Many of these movies are set during a period when China was under the thumb of outsiders, including the British or Japanese. This is a painful era, a time in the country's history when it often referred to itself as "the sick man of Asia." In modern films, though, these years have been recast as the foundations of China's ultimate triumph over those interlopers — and the glorious rise of the Chinese Communist Party. The underlying message: China must face the outside world with strength or be taken advantage of once again.
"When they tell that story, that storyline is also promoted by the Chinese government to justify the rise of the communists and the rule of the Communist Party," Thomas Chen, a Lehigh University professor and expert on Chinese pop culture, told me in 2017. "Because of the Communist Party, westerners were driven out — and once again China is in the driver's seat and controls its own destiny." That message is also carefully controlled: Big studio movies in China don't get made and distributed without the government's approval, though independent filmmakers say they still have some room for careful creativity, and the country has a rich and robust history of challenging cinema.
Still, lest all this viewing starts to sound like so much grim homework, it's good to note here that these movies are genuinely entertaining, filled with expert action scenes and inventive fight choreography that can rival anything out of Hollywood.

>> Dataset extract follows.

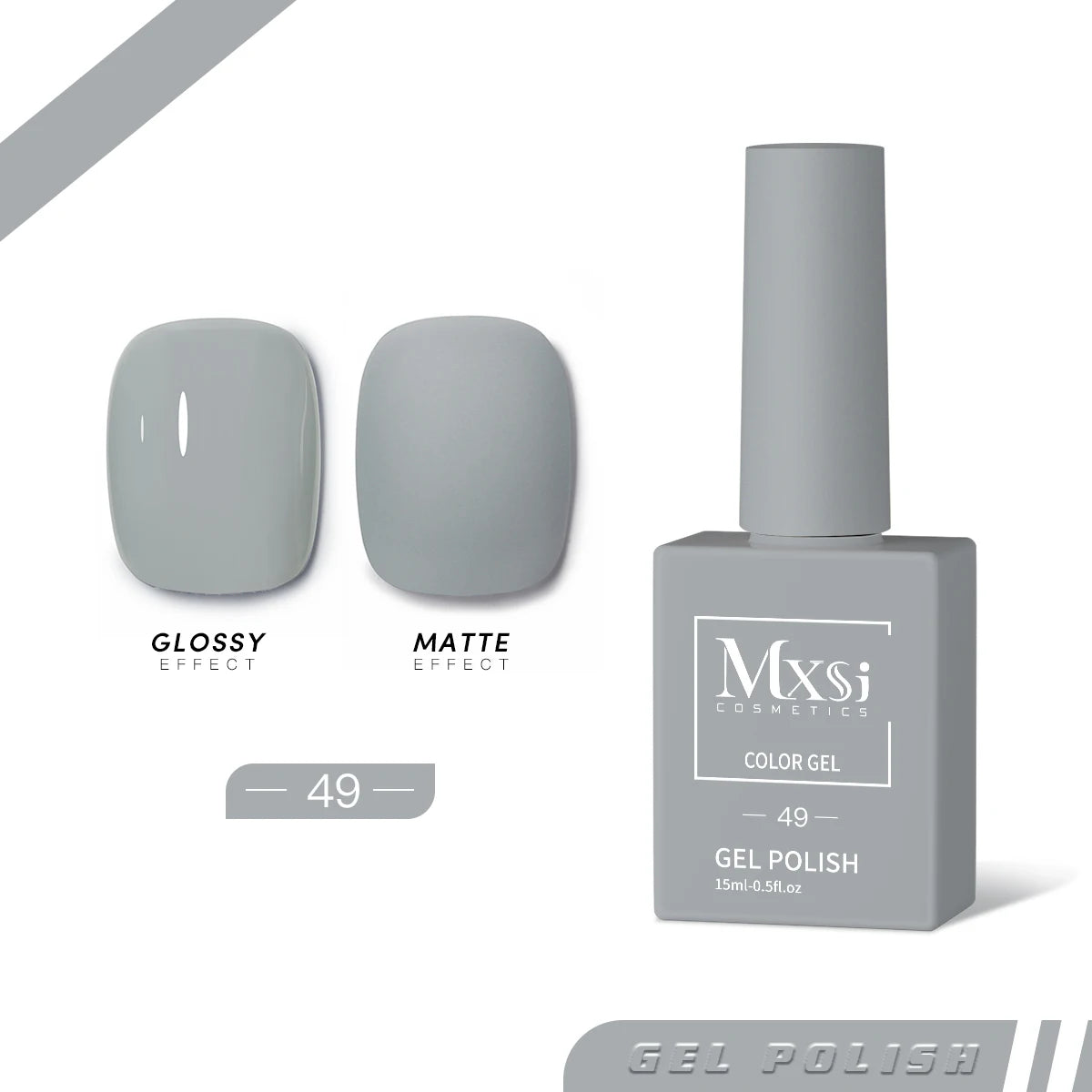 Mxsi 15ml ジェルネイルポリッシュ ネオンブラウン ロイヤルブルー レッドグリーン パスタルヌード ネイルアートワニス ジェルラッカー トップコート UVジェルネイル 未セット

Yes, there is an element of propaganda to these flicks, but again, that's not an exclusively communist phenomenon either (just watch a John Wayne film). More to the point, like Western blockbusters, Chinese movies are also often a whole lot of fun.

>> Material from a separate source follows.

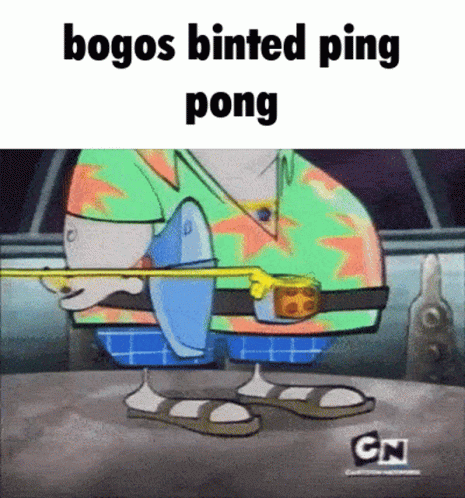 A Cartoon Character Is Playing Ping Pong With A Gn Logo On The Bottom GIF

It's the Ip Man quadrilogy that probably does the best job of messaging and entertainment among modern-era Chinese movies widely seen in the West. Yen plays the title character — a martial arts grandmaster who in real life was Bruce Lee's mentor — as a reluctant warrior forever pressed into action. (Sound familiar?) In the first movie, the Japanese are the villains. In the second: the British. The third? Let's just say Mike Tyson makes an appearance. And in the last installment, Ip Man travels to 1960s California, only to encounter violent anti-Chinese racism. He decides to return home to Hong Kong and teaches his son to fight.
None of this plays too heavy-handed, though. "Ip Man is popcorn cinema at its finest, full of rousing well-choreographed fights and historical drama," The Verge concluded last year.

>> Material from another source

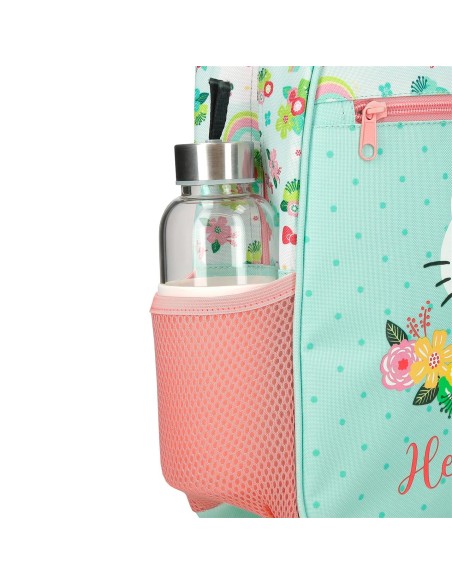 MOCHILA ADAP. 25CM. HELLO KITTY FLORAL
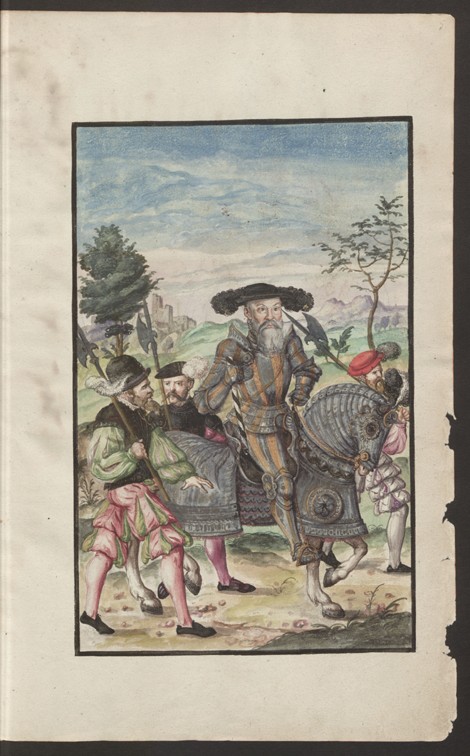 Bildnis von Markgraf Albrecht von Brandenburg-Anspach (Aus: Kriegsordnung) von Unbekannter Künstler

While Yen defeats all comers in these movies, he also occasionally offers an olive branch to the rest of the world. "By fighting this match, I'm not trying to prove Chinese martial arts is better than Western boxing," he says at the end of Ip Man 2. "What I really want to say is, though people may have different status in life, everybody's dignity is the same. I hope that from this moment on, we can start to respect each other."
Whether peace and dignity end up prevailing in the real world remains to be seen. But if you don't go see these movies, they might end up finding you: The Chinese movie industry is growing by leaps and bounds. In 2021, the top-earning movie on Earth isn't F9, the latest James Bond movie, or anything from Marvel. It's The Battle at Lake Changjin, made to celebrate the 100th anniversary of the Chinese Communist Party, which tells the story of the Korean War battle known to Americans as the Battle of Chosin Reservoir. Needless to say, the Americans are not the good guys in this version.